What you are asked to do:
Beginning with the line that contains "SEPTEMBER 2019 'daki" and ending with the line that contains "18th Century French", reproduce the lines of the entries below exactly, omitting pictures.

Given records:
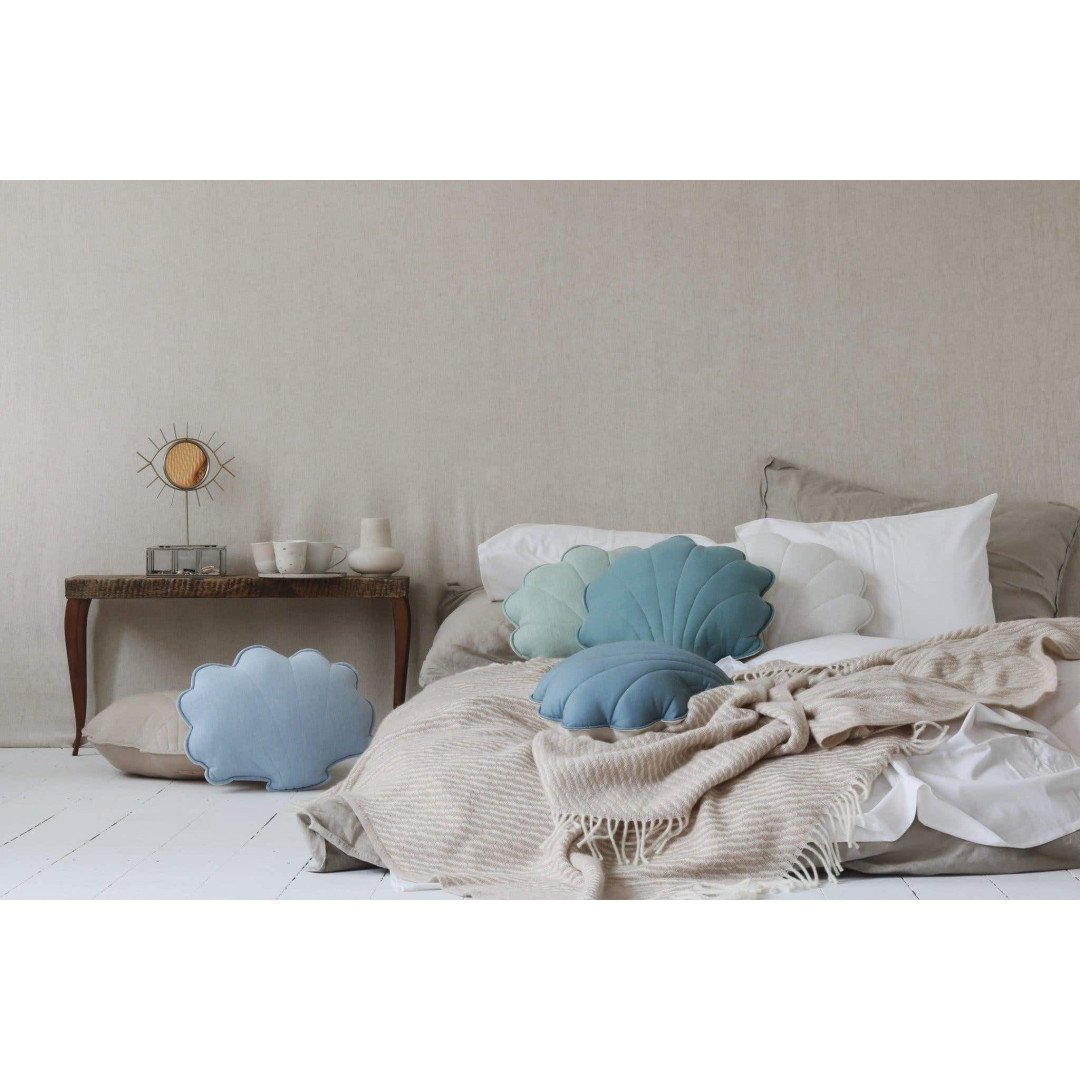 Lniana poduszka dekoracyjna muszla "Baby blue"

--

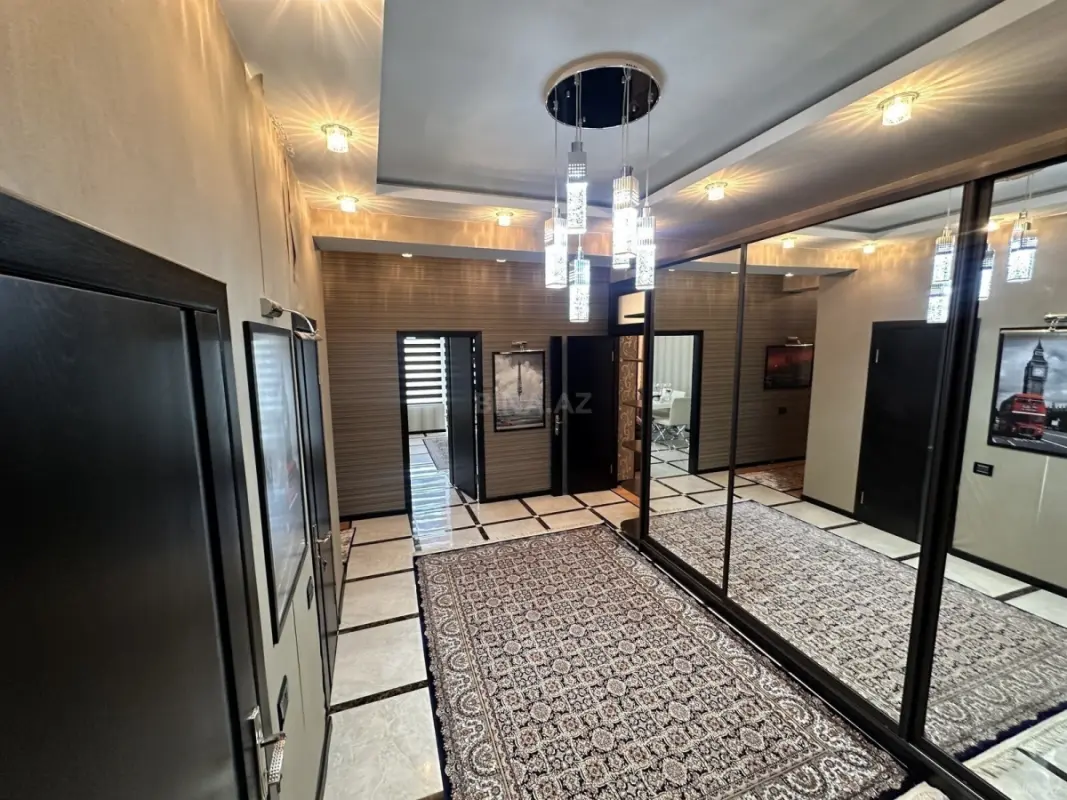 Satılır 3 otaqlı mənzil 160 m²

...

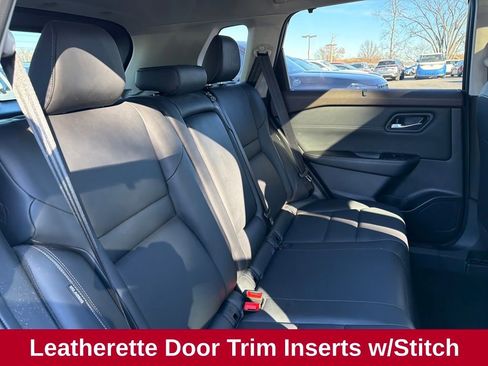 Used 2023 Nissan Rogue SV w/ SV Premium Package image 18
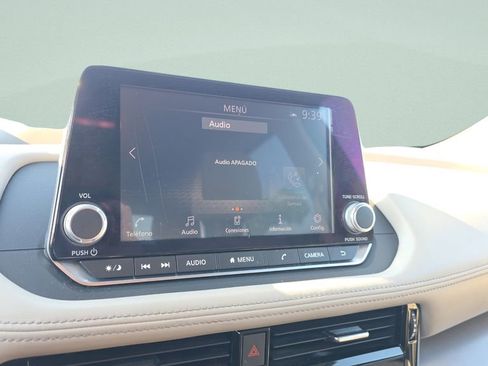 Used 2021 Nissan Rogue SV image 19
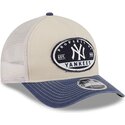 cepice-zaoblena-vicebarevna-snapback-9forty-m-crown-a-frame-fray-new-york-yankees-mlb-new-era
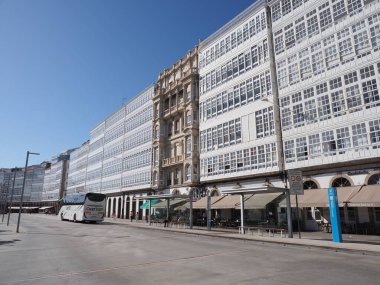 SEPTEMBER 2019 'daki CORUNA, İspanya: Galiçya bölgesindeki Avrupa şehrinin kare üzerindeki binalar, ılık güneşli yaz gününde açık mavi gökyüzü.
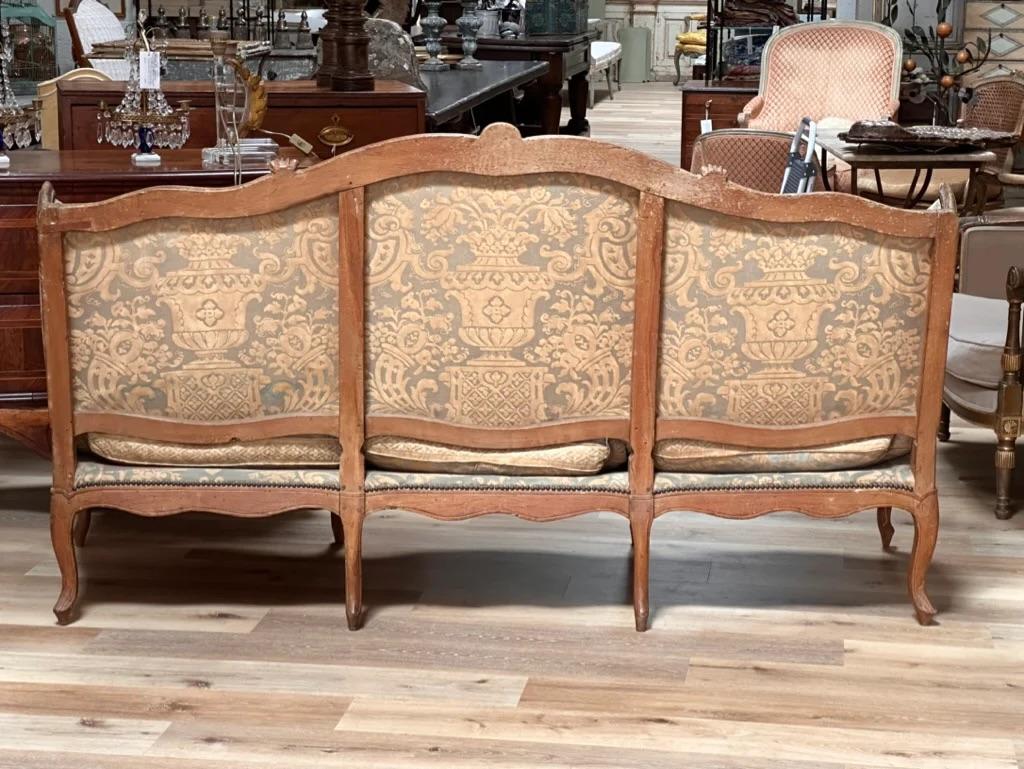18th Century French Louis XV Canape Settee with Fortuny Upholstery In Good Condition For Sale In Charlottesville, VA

Solved problem:
 SEPTEMBER 2019 'daki CORUNA, İspanya: Galiçya bölgesindeki Avrupa şehrinin kare üzerindeki binalar, ılık güneşli yaz gününde açık mavi gökyüzü.
18th Century French Louis XV Canape Settee with Fortuny Upholstery In Good Condition For Sale In Charlottesville, VA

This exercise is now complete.